Two longtime Miami companies that started as small family-owned businesses joined forces Monday, when transportation and logistics giant Ryder System Inc. agreed to buy Gator Leasing Inc., the state’s largest independent trucking company.

Ryder is acquiring Gator Leasing’s assets, including its 2,300 vehicles, 300 contract customers and nine locations in Florida. The Gator name will disappear, but it is expected its employees will continue to work for Ryder. Terms of the deal, expected to close in May, were not disclosed.

“They are such a great company with a strong customer service orientation. We’re just pleased they thought about us,” Ryder CEO Greg Swienton said. “It gives us a little bit more presence.”

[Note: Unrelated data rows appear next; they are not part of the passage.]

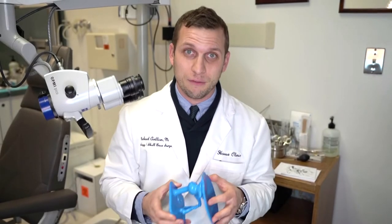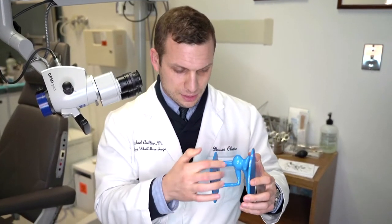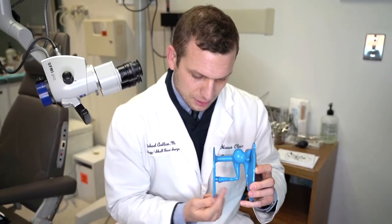So what is a stapedectomy surgery? Let's go over a few diagrams. Here's a model of the ear bones. Here we have the eardrum, this is the malleus here, the incus, and the stapes.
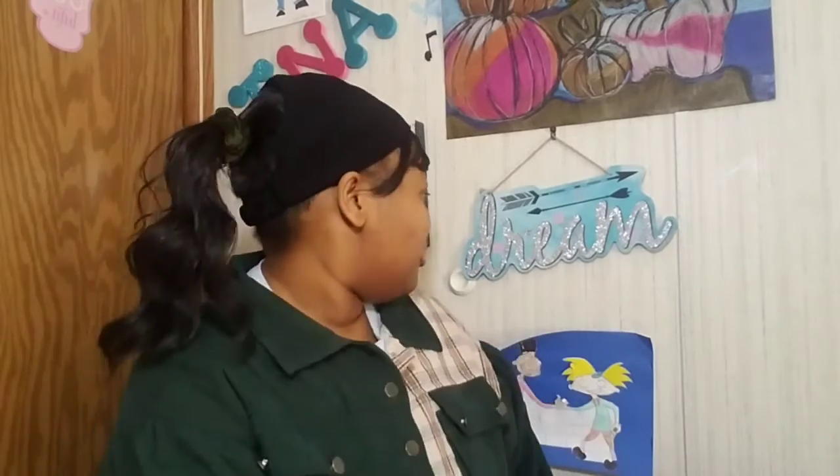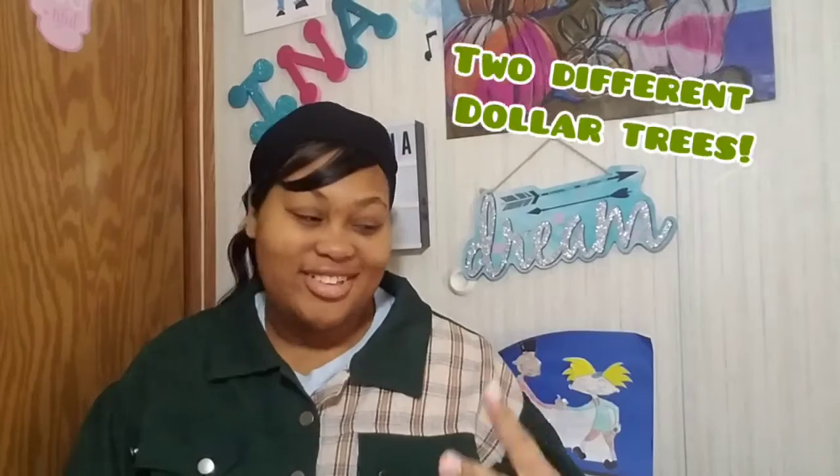I've got on the ponytail headband wig from my previous video, a black headband and a green scrunchie to match my jacket. Today I have a Dollar Tree haul with quite a few items — a big haul from two different Dollar Trees. Let's just hop into it. The first item is a little Valentine's Day sign.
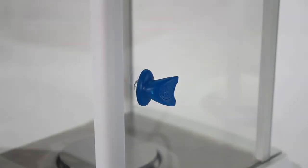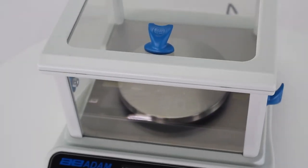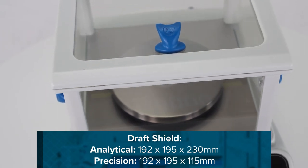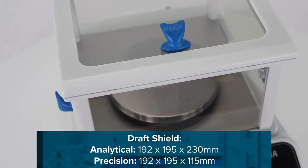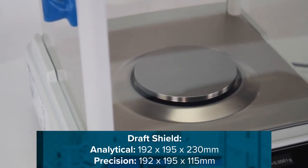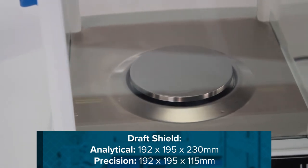To minimize the effects of air currents or similar disturbances, LUNA analytical models and precision models up to 820 grams include a draft shield. The draft shield's chamber measures a generous 192 by 195 millimeters. For analytical models, the shield is 230 millimeters tall, while the precision model shield is 115 millimeters tall.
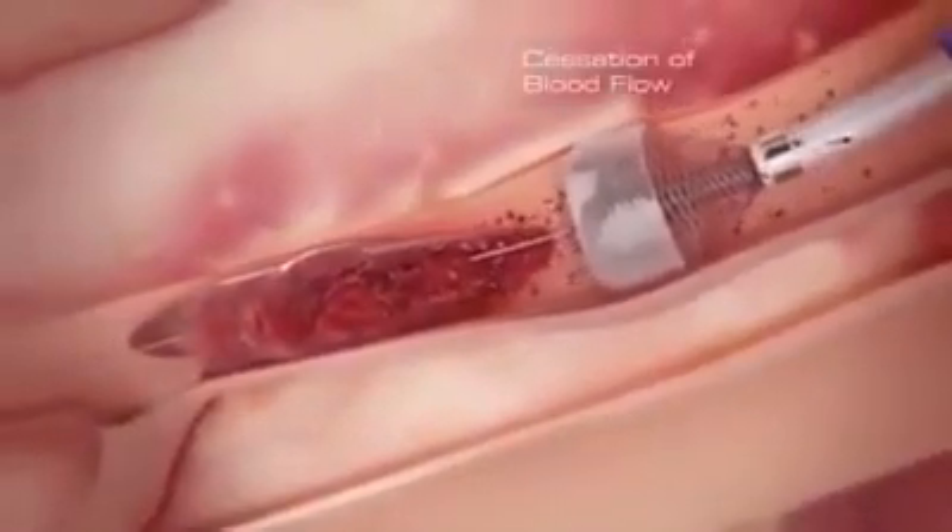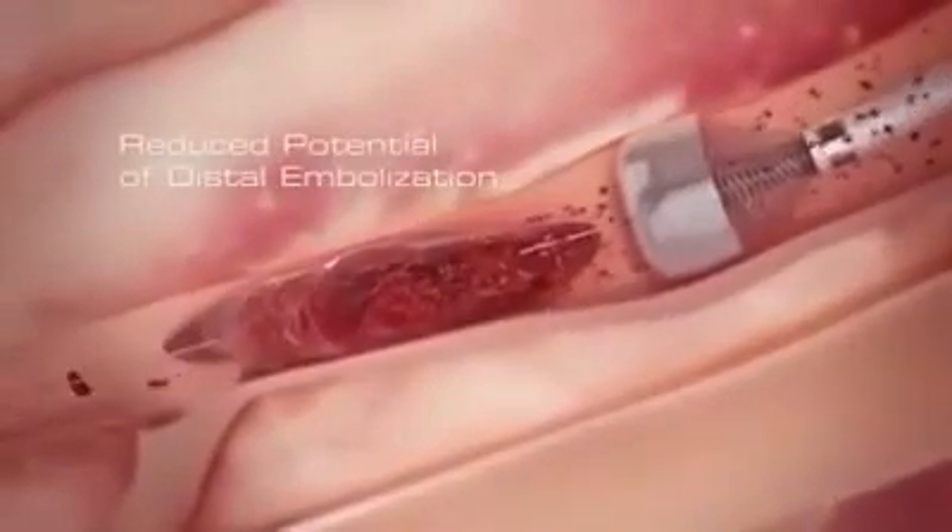Cessation of blood flow prevents clot fragments from traveling downstream, greatly reducing the potential for distal embolization.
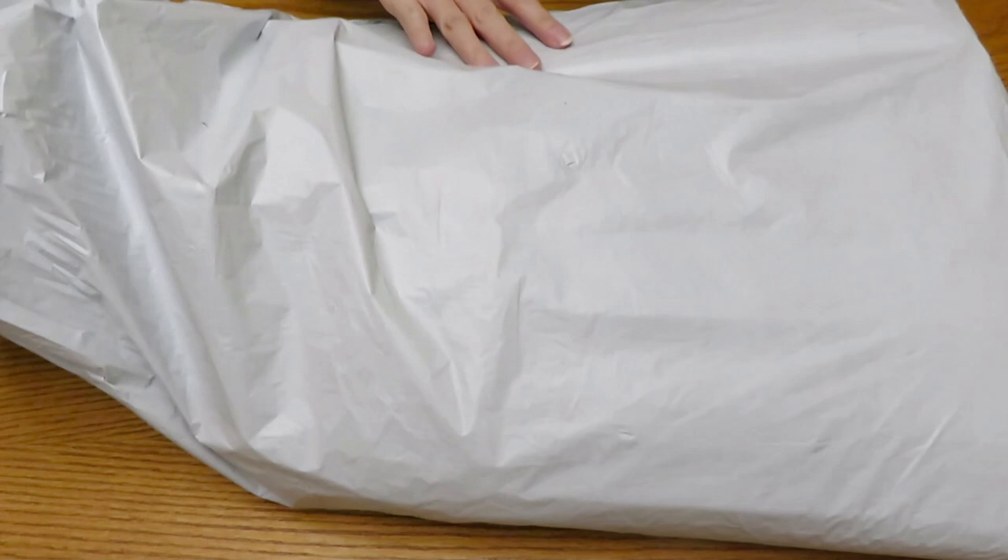Good morning everyone, welcome back to Natalia's channel, Okra Forever. I have a big bag here with diamond paintings and some cross stitching, and we have an unboxing today from Fan Sales.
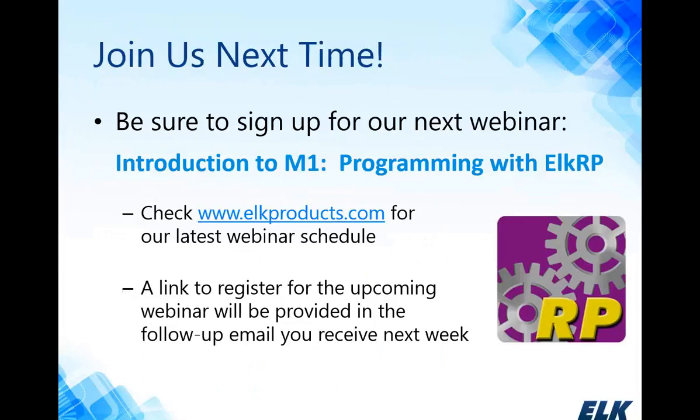Next Friday the 17th, we're going to be doing part 2 of our M1 introduction training, focusing on programming with ELK RP. We went over all the hardware today and tried to familiarize you with the features and different things you can do with the system. Next week we're going to show you how to program it all with our programming software, ELK RP. While you can do quite a bit of programming related to security functions from the keypad, you can do everything from ELK RP, and it makes things much easier. We'll send a link to register for that webinar in the follow-up email, or you can sign up on our website.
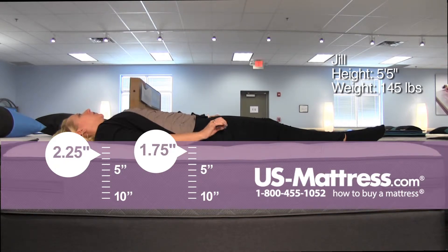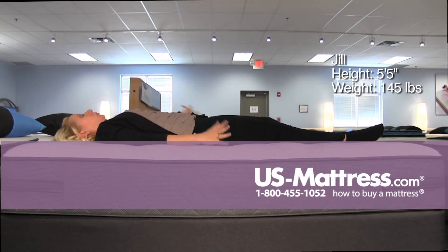It's a little on the firm side for some of the cushion firms that I've tested, but it still gives you a really good cushiony support for a cushion firm.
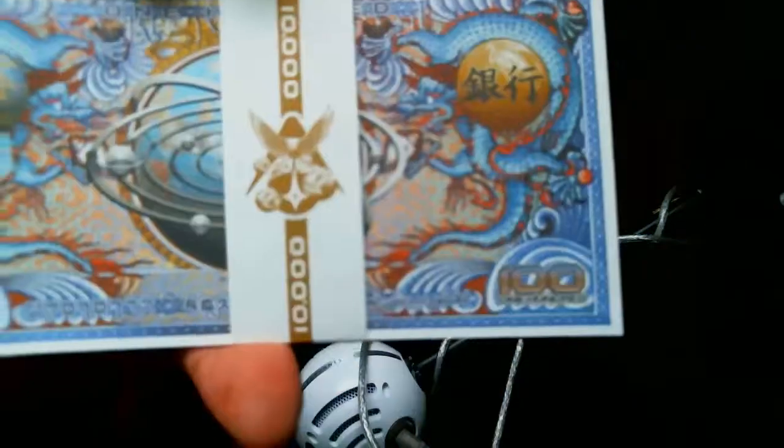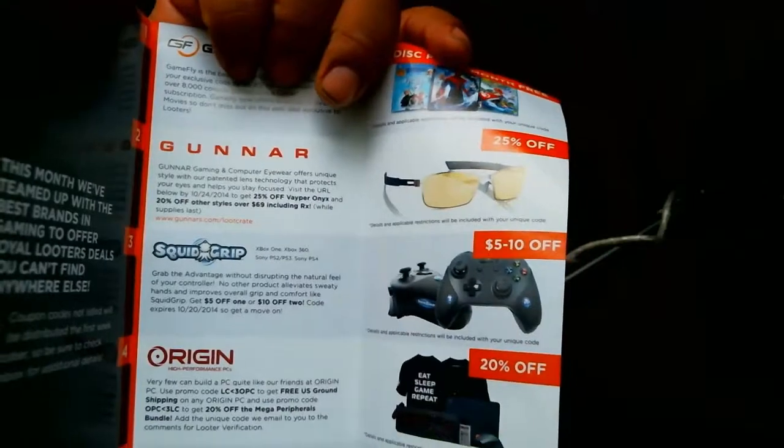Of course the pamphlet, which we won't read right now, we'll just chuck that to the side. Something here — I don't know what these are, I'll have to look at it later. I'll look in the booklet later, which I threw off to the side. Got a Fall Into Savings Loot Crate pamphlet — it lets you know what you can get, with 10% off awesome stuff. Controller Squid Grips, Origins, High Performance PC, Astros, Gunnar computer eyewear, and rent and buy games from Gamefly — games delivered. That's pretty cool.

Swienton said Ryder can offer Gator’s customers added logistics opportunities and a network beyond Florida.

Gator was founded as a three-truck fleet in Hialeah by George Hammel in 1975. After Hammel died in 1982, his sons, Jim and John, directed the company’s growth northward.

Ryder was started in Miami in 1933 by James A. Ryder with the company’s first truck, a 1931 Model A Ford. The company, which went public in the 1950s, now has 165,000 vehicles, Swienton said. It leases and maintains vehicles for commercial customers. At the end of 2007, it had a profit of $254 million on revenues of $6.6 billion.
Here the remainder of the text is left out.